= Alex & Nilusha =

Australian jazz group

Alex & Nilusha was an Australian jazz collaboration led by percussionist Alex Pertout and vocalist Nilusha Dassenaike. Their work incorporated the influences of their Latin American (Pertout) and South Asian (Dassenaike) heritages.

Recordings featured various Australian and international guests, including American guitarist Mike Stern, Egyptian percussionist Hossam Ramzy, Australian pianist Paul Grabowsky, Indigenous Australian singer-songwriter Tom E. Lewis, Latin jazz flautist Dave Valentin, Australian guitarist Leonard Grigoryan, Puerto Rican pianist Edsel Gomez, Cuban Tres master Pancho Amat, Cuban violinist William Roblejo, and trumpeter Miroslav Bukovsky.

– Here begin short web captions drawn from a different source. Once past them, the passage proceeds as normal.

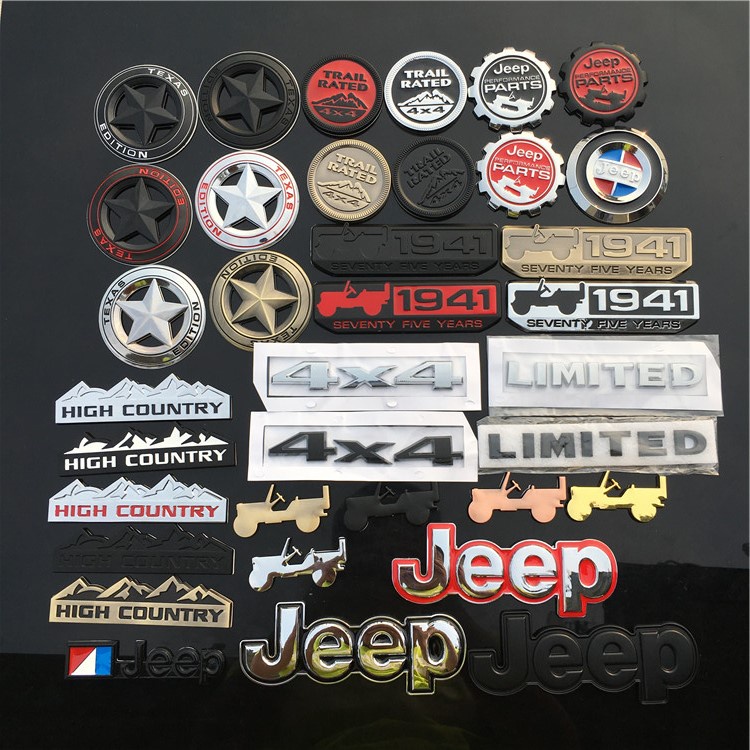 1 Pc 3D Metal Etiqueta Do Carro Para Jeep Acessórios Exterior Auto Trilha 4X4 1941 Mouin Letras Limitada Emblema Reequipamento Modificado Decalques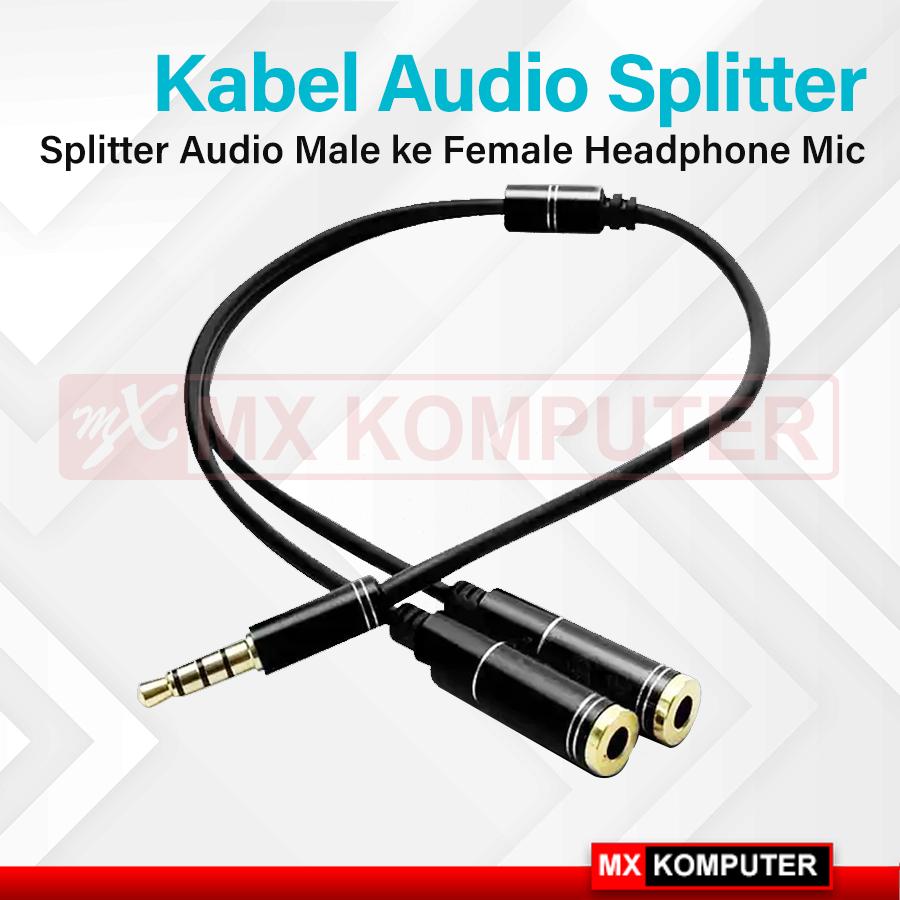 Splitter Audio 3.5mm Male ke 3.5mm Female Headphone Mic 38cm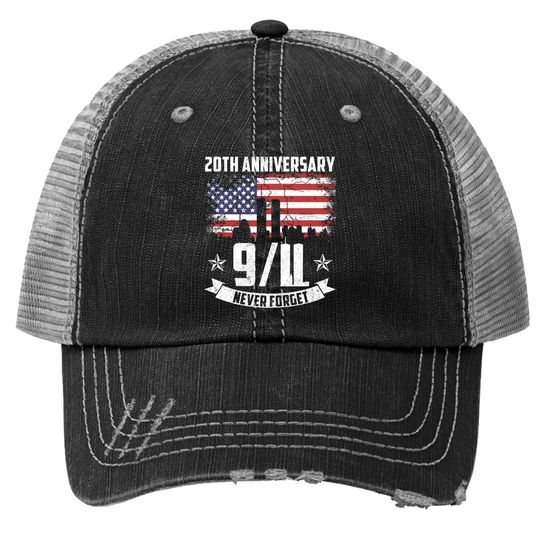 Patriot Day 2021 Never Forget 9-11 20th Anniversary Trucker Hat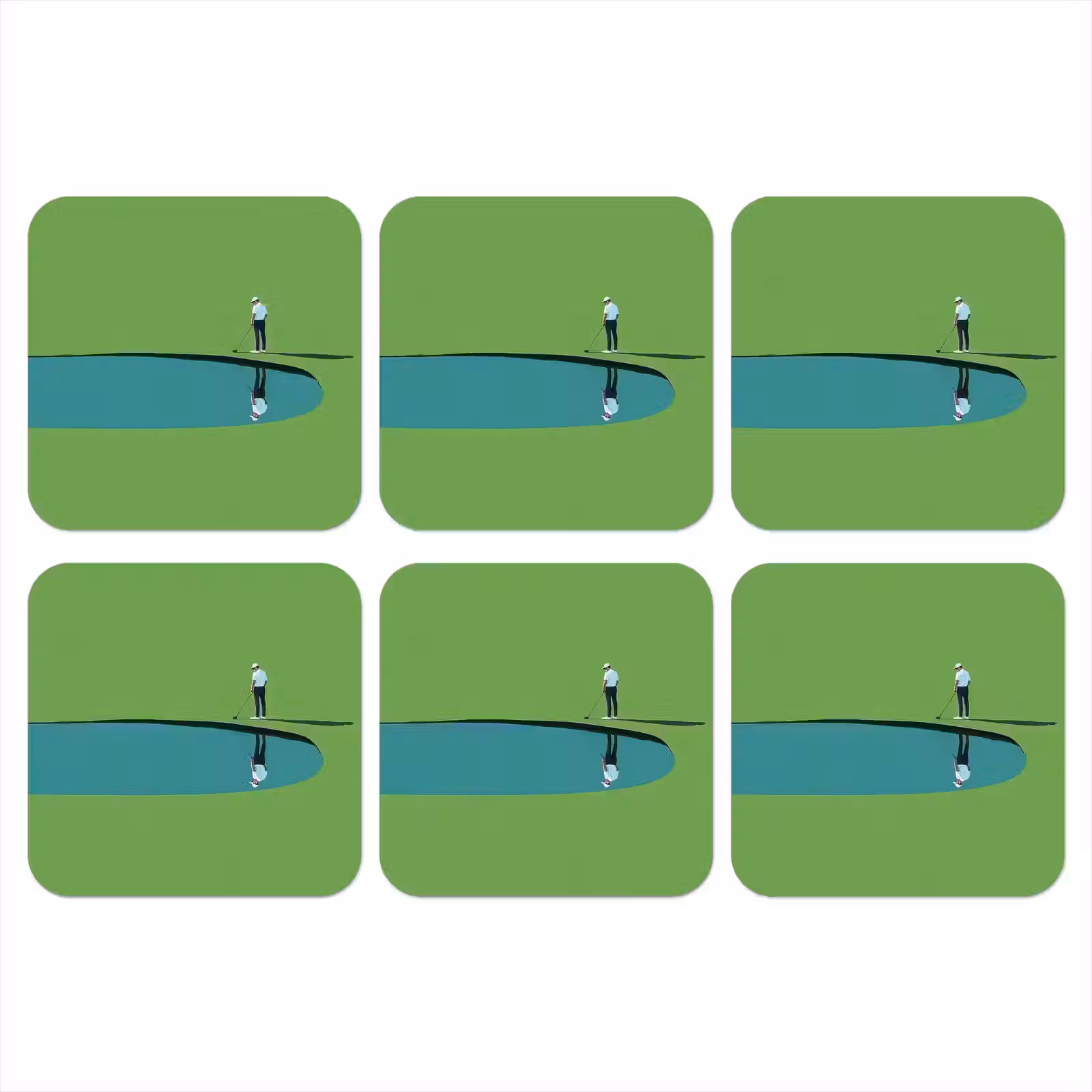 Onderzetter - Persoon - Golf - Water - Blauw — 1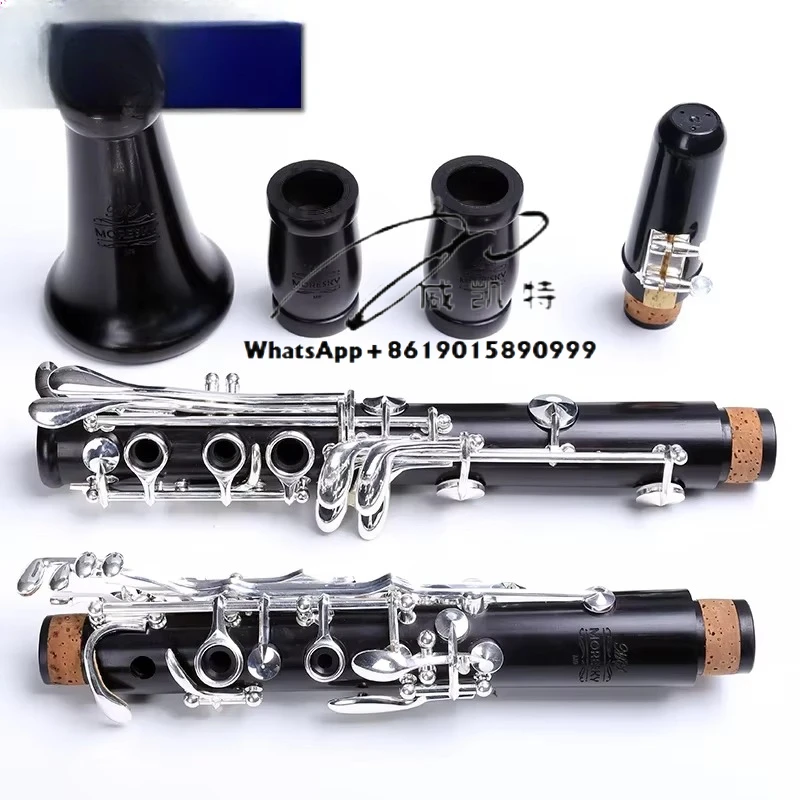 

Professional Ebony Clarinet Bb Tone 17/18 Keys Silver Plated Grenadilla Solid Wood Sib Klarnet M9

ABC Jazz named their debut album Moments in Time as Album of the Week and listed it among the Top 5 Australian Jazz Albums of 2012. ABC Radio National featured the album on The New Music Show, with Andrew Ford interviewing them about how their heritages impact their style and highlighting the cultural importance of the album. Their 2014 release Tales To Tell was awarded the ‘Premio Internacional’ at the 2015 XIX CubaDisco Music Awards in Havana, Cuba.

== Members ==
===Alex Pertout===
Alex Pertout is from Santiago, Chile. He lived in Gorizia, Italy during his teenage years, and grew up in Melbourne, Australia.

Pertout has recorded on multiple albums and motion picture soundtracks. Some of these include albums by Powderfinger and Daryl Braithwaite, and soundtracks such as Crocodile Dundee and It Runs in the Family.

Pertout is a founding member of the Australian Art Orchestra led by Paul Grabowsky. Pertout has produced albums and is the author of Sight Reading: The Rhythm Book published internationally by Mel Bay. He is a senior lecturer in music at the Faculty of VCA and MCM, University of Melbourne.

===Nilusha Dassenaike===
Nilusha Dassenaike was born in Colombo, Sri Lanka, and moved with her family to Melbourne at the age of five months.

Dassenaike has performed across many genres and has collaborated with artists such as Don Burrows, James Morrison, and Renee Geyer. Dassenaike has worked on television shows such as Australia's Got Talent and Singing Bee. She was featured in the theme song for the series Canal Road.

Since 2021, Dassenaike has performed and toured with Tina Arena. She also opened for Billy Joel at the Melbourne Cricket Ground on December 10, 2022.

==Discography==
===Albums===
- Moments in Time (2012)
- Tales To Tell (2014)
- Afterglow (2016)

===Singles===
- “Falling” (ft. Mile Stern) (2013)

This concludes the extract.